Apaisement dans les relations algéro-françaises : les positions historiques de Tebboune
Après plus de quatre mois de tensions inédites, les relations algéro-françaises semblent se stabiliser de nouveau après un bras de fer remarquable remporté par Abdelmadjid Tebboune et la diplomatie algérienne.
L’ambassadeur Mohamed Antar Daoud a donc rejoint ce jeudi son poste à Paris rappelé en octobre dernier suite aux graves propos tenus par Emmanuel Macron a l’égard de l’Algérie.

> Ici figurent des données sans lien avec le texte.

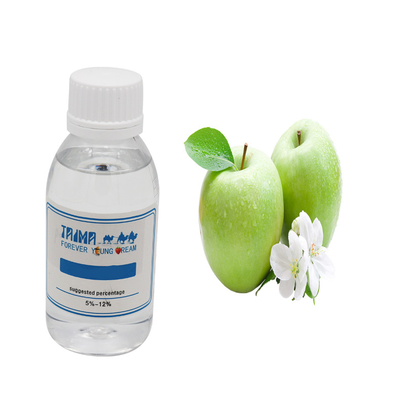 ISO-zertifizierte hochwertige Konzentrat-Doppel-Äpfel-Frucht-Aromen für Vape-Saft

Lors d’une rencontre tenue à l’Elysée avec de jeunes franco-algériens, le chef de l’Etat français avait accusé le système algérien de s’être bâti sur « une rente mémorielle » avant de déclarer que la « Nation algérienne n’existait pas avant la colonisation française ».
Cette sortie publique, rapportée par le journal Le Monde, avait alors provoqué une grande colère en Algérie où décision avait été prise de rappeler l’ambassadeur d’Algérie à paris et la fermeture de l’espace aérien algérien pour l’aviation française se dirigeant vers le Mali.
Dans un entretien à Der Spiegel, le chef de l’Etat algérien s’est aussi longuement exprimé sur la question affirmant que « les propos tenus avaient profondément blessé les algériens ».
Sur le sujet, Abdelmadjid Tebboune se livre à des déclarations et des positions historiques qui redonnent fierté au pays. Il annonce avoir refusé de « répondre aux appels téléphoniques de Macron « il ne s’agit pas de moi, mais d’un problème national, dit-il, aucun algérien n’acceptera que je contacte ceux qui nous ont insulté (…) on ne touche pas à l’histoire d’un peuple et on n’insulte pas les algériens ».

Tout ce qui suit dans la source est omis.